The principal industrial advisor to the Board of Trade was the chairman of the British Rayon Federation. The Capital Issues Committee functions was to approve or deny new issues on the capital market, and it was composed of bankers, stock-brokers and industrialists. The leather controller at the Board of Trade  was an official of the United Tanners’ Federation. The match controller in 1946 was an official of Bryant and May, Britain’s largest producer of matches, and for a time had his offices on the firm’s premises. The paper controller was the Chairman of the largest paper manufacturing firms. The footwear controller was a director of the shoe manufacturing firm of Dolcis, and the hosiery, furniture and tobacco controllers or advisors were trade officials.  Distillers Ltd., occupied the top posts in the Molasses and Industrial Alcohol Control of the Board of Trade, and the Cotton Control was largely recruited from Liverpool’s cotton firms.  Timber Control, was almost entirely staffed by industry people, a number of whom, occupying senior position, were unpaid. Unilever alone filled ninety posts in the Ministry of Food, twelve of them, senior posts. The list goes on and on.  Big Business trade bodies  administered the controls over business. As soon as a favourable opportunity occurred, profitable industries like steel and road transport were handed back, at a handsome discount, to Big Business as it was thought fresh profit could be made. The Conservative Government promptly de-nationalised them after it came to power in 1951.

The world had experienced a war many times more destructive than the First World War. Consequently almost every country in the world was crying out for goods with which to reconstruct their battered economies.
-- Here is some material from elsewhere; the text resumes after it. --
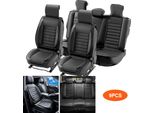 Coprisedili Vevor, Coprisedili Universali Per Auto, Set Completo Di Sedili, Sedili Anteriori E Posteriori, Coprisedili In Pelle Finta Da 9 Pezzi, Design Semichiuso, Poggiatesta Rimovibile E Compatibile Con L'airbag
Even the industrial capacity of the United States was unable to fully satisfy the unprecedented demand. Britain, therefore, was also able to cash in upon the world market. The capitalist class of this country, amassing more profits than at any other time in their history, were willing to permit, without much opposition, some concessions to the workers, thus allowing the Labour government to maintain the guise of being progressive, of creating a “welfare state”, and also to retain the mass support of the workers. The ruling class could afford crumbs of concessions from the feast of profits in the post-war boom. By 1948, however, conditions had gradually began to change. The world markets were being replenished, and countries which had been buyers of British goods rapidly became competitors in the dwindling market.

The Labour Government was able to assist the capitalist class to regain its balance by the maintenance of labour discipline. The workers, having certain class loyalty to the Labour Party, restrained, albeit somewhat grudgingly their demands for improved conditions and higher pay. Their loyalty was somewhat bolstered by a series of reforms that the government carried through. In the six years after 1918,  (excluding 1926 the year of the General Strike), some 187 million days were lost through strikes and lock-outs: in the comparable period after 1945 the figure was just short of 13 million. There can be no doubt that a Conservative Government in office after 1945 would have been unable to extract the high degree of industrial discipline and the general loyalty to the Government that the Labour Party was able to achieve.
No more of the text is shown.